13 February 2012

Spot the Fallacies


Capitalism is currently undergoing its most serious crisis since the Great Depression. The solutions offered by the Right are the same as they were then: Do nothing and let the natural cycle of business (the invisible hand of the free market) straighten itself out. Well, that’s not going to work. Hoover did that for three years and had nothing to show for it. Rooseveldt’s [sic] approach of course made sense. Recessions and depressions mandate an activist state and its massive intervention, otherwise, you’re in Hell forever. But then, I’m a Keynesian, eh?

First, we have a little bit of term conflation to start things off. If capitalism is defined as anything approaching the free market, then what’s happening right now in America is not a crisis of capitalism.  Corporatism, maybe.  Or the-electorate-wants-all-the-benefits-of-socialism-without-actually-paying-for-it-or-allowing-the-government-to-regulate-them-ism (aka magical-rainbow-unicorn-ism).  At any rate, the current crisis is not one of capitalism, the free market, or laissez-faire, because none of those actually exist outside of theory in America these days.
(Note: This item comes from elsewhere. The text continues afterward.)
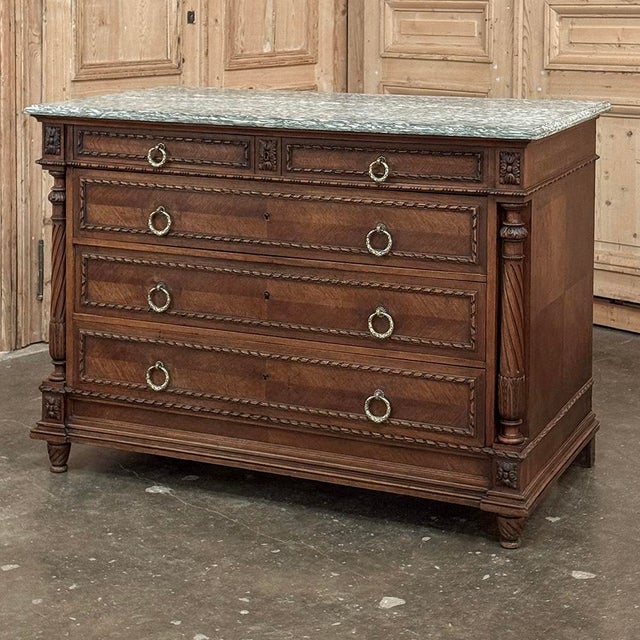 19th Century French Louis XVI Walnut Marble Top Commode is an exceptional example of the furniture craftsman's art! Hand-...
Second, Hoover was not laissez-faire by any stretch of the imagination.  Unless laissez-faire now means interventionist statism.  The difference between Hoover and Roosevelt is like the difference between Bushitler and Obamao:  it’s of degree, not kind.

Third, the solutions offered by the right are not, so far as I know, “do-nothing.”  They might be non-interventionist, but that now requires removing market impediments (which, it should be noted, is the very definition of doing something).  At any rate, most of the right’s proposals ten to be along the lines of reducing* taxes, deregulating* businesses, and reducing* spending.

There are probably other fallacies I’ve overlooked.  If so, point them out in the comments.

* Note that all of these words are verbs, which are action words.  In essence, each of these words means doing something.